Set down each line from the line holding "Pain aux olives" to the last line of the entries below, exactly, with both ends included and without pictures.

Records to process START

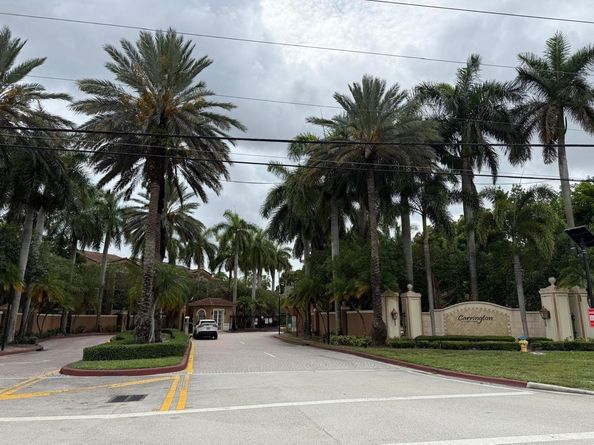 4852 N State Road 7 204, Pompano Beach FL 33073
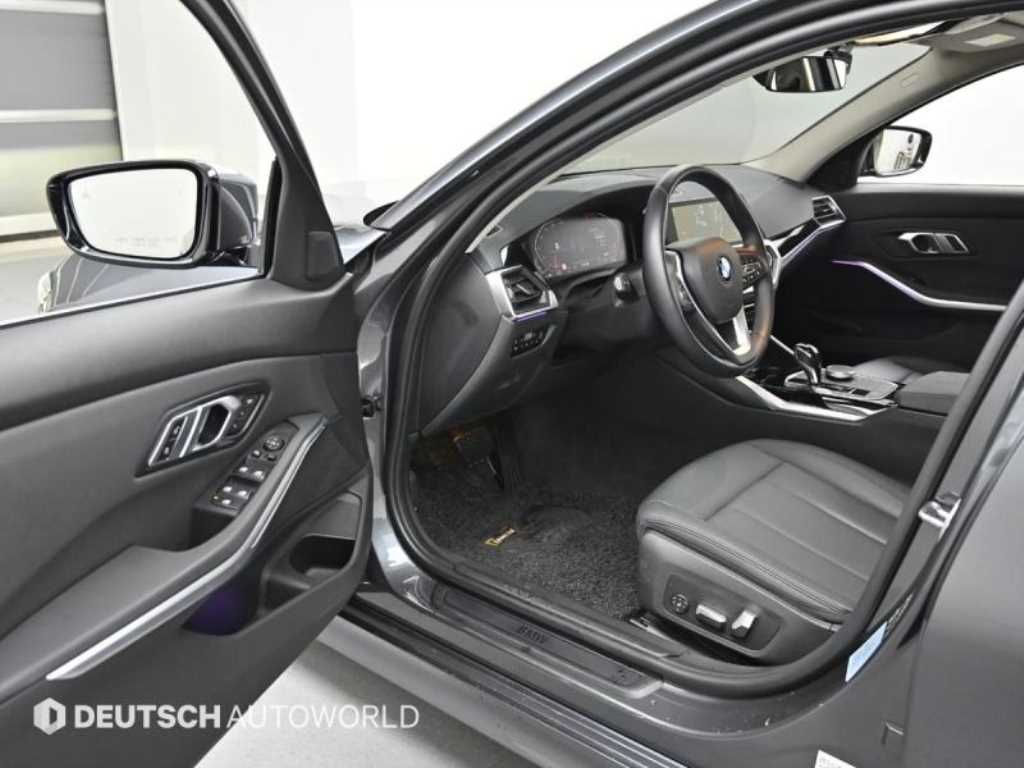 BMW 3-Series — photo 11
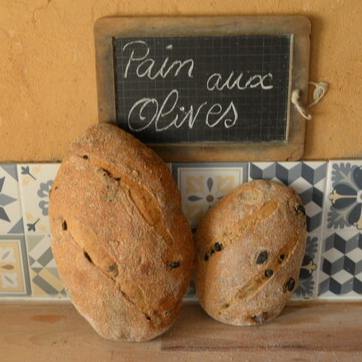 Pain aux olives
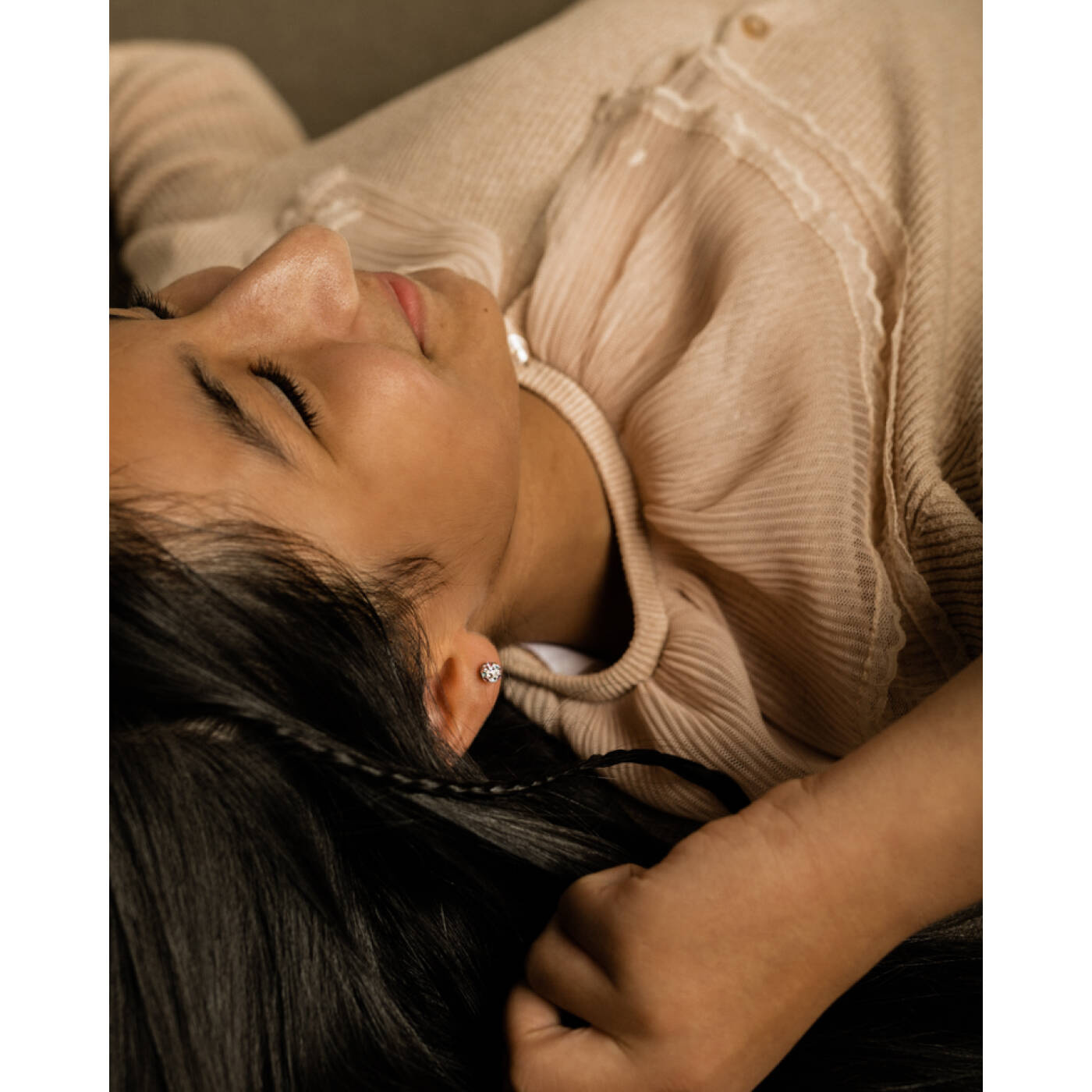 Natural Titanium Crystal Ball 6 mm, Light fantasy Örhänge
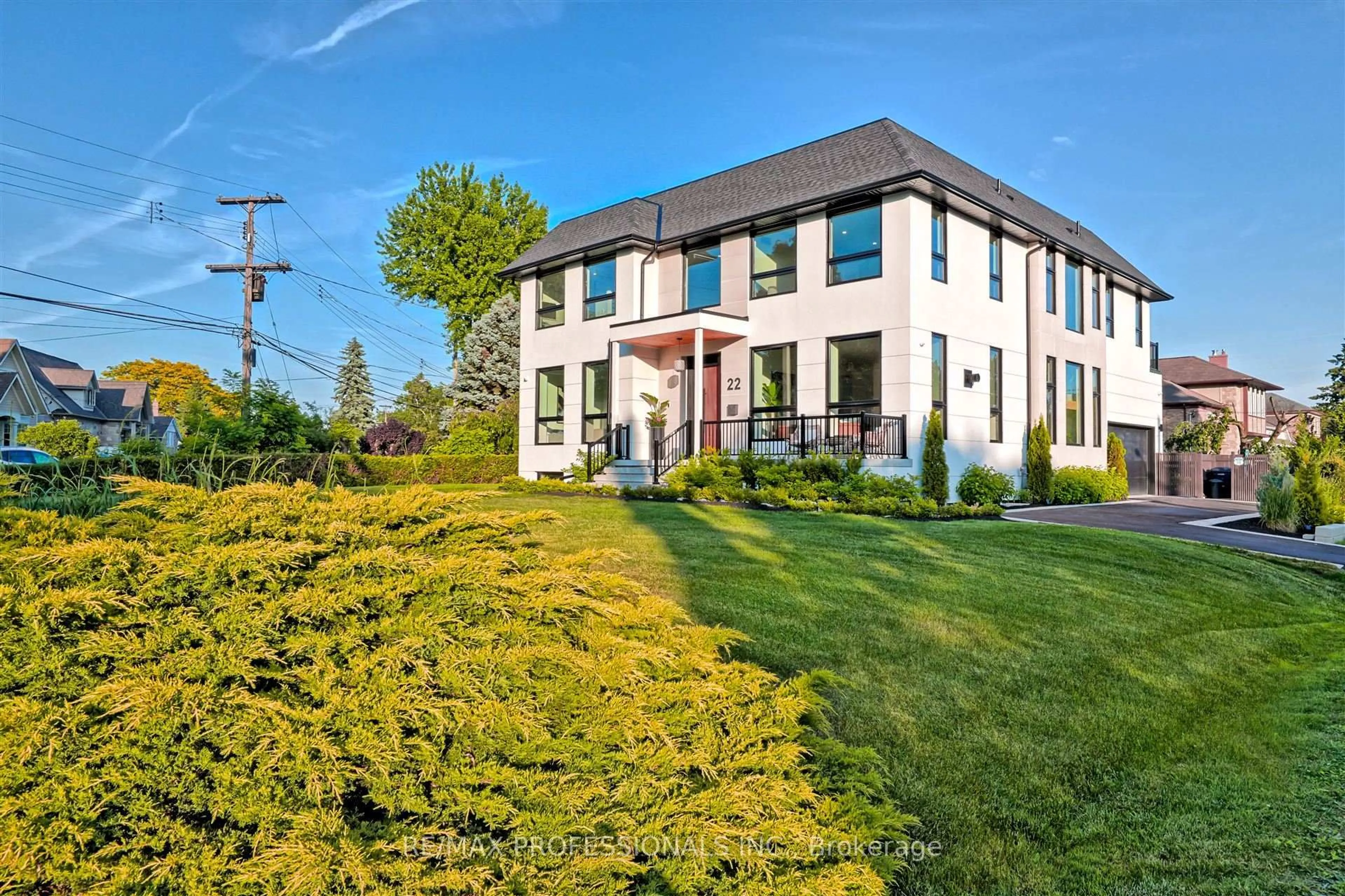 Home with brick exterior material, unknown for 22 Spring Garden Rd, Toronto Ontario M8Z 3X1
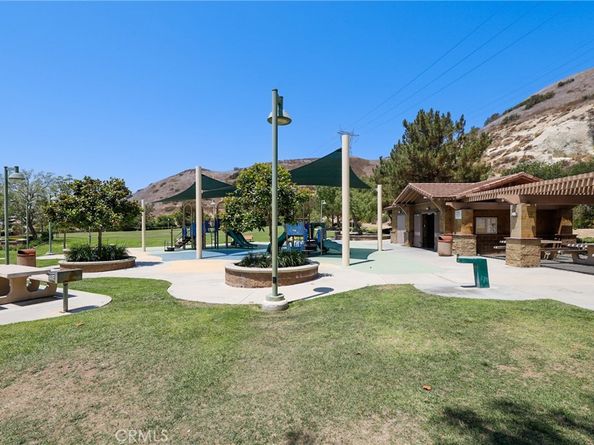 2571 N Skytop Court, Orange CA 92867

Records to process END

## Task answer
 Pain aux olives
 Natural Titanium Crystal Ball 6 mm, Light fantasy Örhänge
 Home with brick exterior material, unknown for 22 Spring Garden Rd, Toronto Ontario M8Z 3X1
 2571 N Skytop Court, Orange CA 92867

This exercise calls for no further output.